2022年3月13日日曜日

Mazda 3は良くも悪くも4人乗りロードスター

Mazda 3が一般に発売される前のインタビュー記事で開発主査が「4人乗りロードスター」というのを掲げていましたが、当時は実車に乗る機会がなかったため、実感が湧きませんでした。しかし実車に2年以上乗ってみると良くも悪くも4人乗りロードスターだと感じます。

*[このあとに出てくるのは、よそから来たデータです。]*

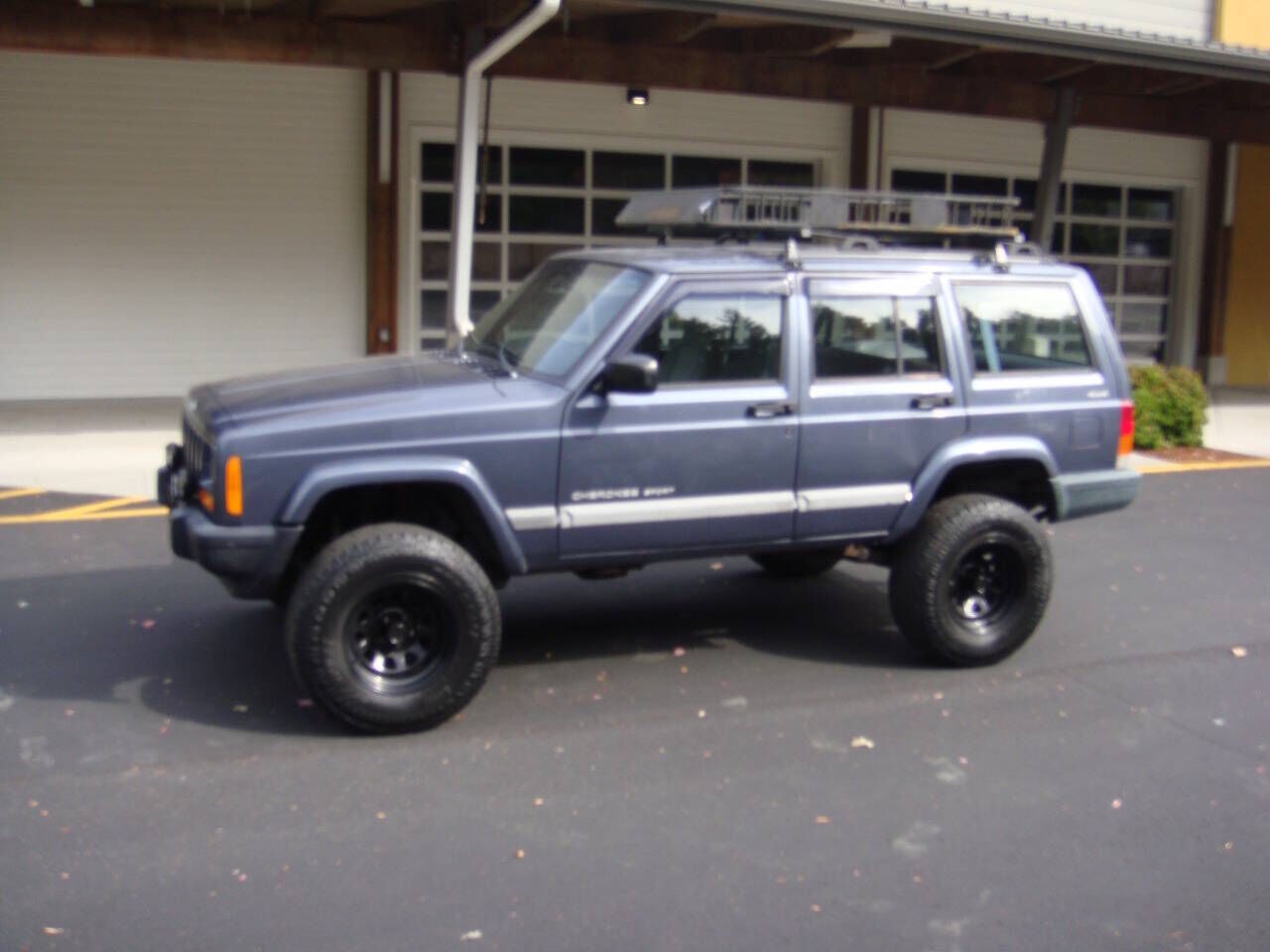 2001 JEEP Cherokee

まず良い点からですが、ホイールベースが2725mmもある割には気持ちよく曲がります。多分にGVC+の効果もあるのかもしれませんが、コーナーでステアリングを切ると、あたかもステアリングホイールが適切な位置に吸い込まれるような感覚があります。気持ちよく曲がるのは先代アクセラもそうでしたが、それが純化されたような印象を受けます。次に、一般道をゆっくりと走ると地面を踏みしめるような感覚があります。ロードスター的な用途で走らせる分には後席に人が座れるし荷室も広いし屋根がついているし静かだし、実用的な車だと感じます。ロードスター的な使い方をするなら、ロードスターよりも長距離を走りやすいのではないでしょうか。Mazda 3の2Lガソリンエンジン車とロードスターの1.5Lエンジン車とがほぼ同じパワーウェイトレシオで、パワー感は無いけれどもゆっくり走る分には気持ちよく走れる程度のパワーはあります。エンジンを回すのが好きな人には1.5Lという選択肢もあり、近所に買物に行くだけでも楽しいですが、いかんせんパワーがありませんので遠出をするには覚悟がいります。

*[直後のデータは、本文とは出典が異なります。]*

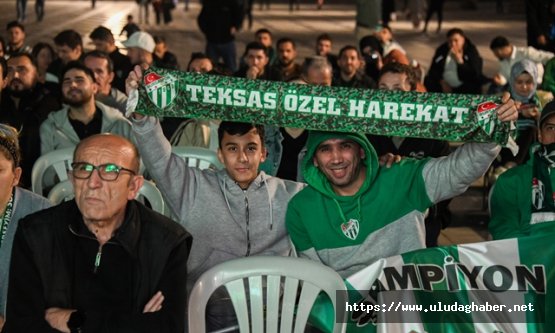 Osmangazi Meydanı'nda Bursaspor coşkusu: Dev ekranda 4-2'lik zafer kutlandı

悪い点というか、開発コンセプトに合わない点は、高速道路でどっしりと走るのには向いていないということです。サスペンションの当たりが取れてくるにつれてだいぶ乗り心地がよくなってきましたが、路面の凹凸をコツコツと拾いますので、ドイツ車のような高速GTカー的な乗り味とは異なります。図体が一回り大きくてもあくまでもライトウェイトスポーツカー的な乗り味ですので、高速道路で長距離走るとせわしなくて疲れます。極端に例えるなら、舗装道路を裸足で走るような感覚です。舗装道路を走るときにはせめてクッションの効いた運動靴を履きたいものです。商品改良でフラット感を高めるセッティングに変更されたとのことですが、商品改良後の実車に乗ったことがありませんので、どの程度改善されたのか知りません。高速道路で長距離を走りたかったらCX-5やもっと上の車格の車を買えということなのかもしれませんが、Mazda 2のディーゼルエンジン車でも高速道路には強いので、やはり開発コンセプトの問題ではないでしょうか。同じCセグメントならCX-30の方が乗り心地も含めてもっと実用性に振っているかもしれません。

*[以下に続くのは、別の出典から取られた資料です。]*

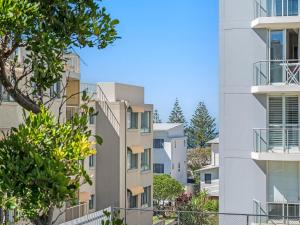 Surfside Six Unit 1 Bulcock Beach QLD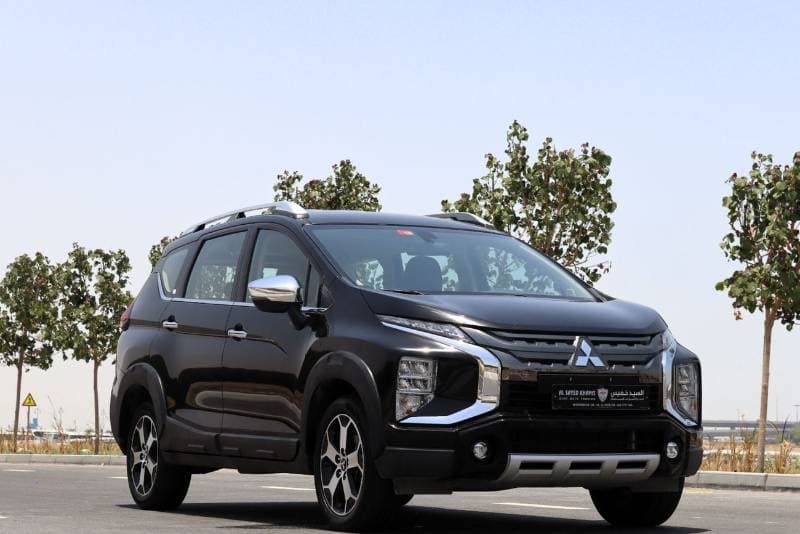 2023 Mitsubishi Xpander Cross PREMIUM thumbnail 3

高速道路にあまり向かないというのは「パワーが無い」という意味ではありません。他社の同クラスに比べれば控えめですが、不足することはありません。アクセルを踏めば追い越し加速でも特に不自由ありません。ブレーキも、踏力をしっかりかければ効きます。しかしパワーと足とは別の話で、速度を出せることと、その速度で気持ちよく運転できることとは別の話です。

そういう車だとわかったうえで、実用性を損ねないライトウェイトスポーツカーが欲しい人にはベストマッチではないかと思います。ロードスター1台で済ませるためには相当なやせ我慢が求められますが、Mazda 3ならこれ1台で済みます。一方、高速道路に強い車とは向いている方向が全然違いますので、同じ尺度で比較するのは無意味ではないかと考えます。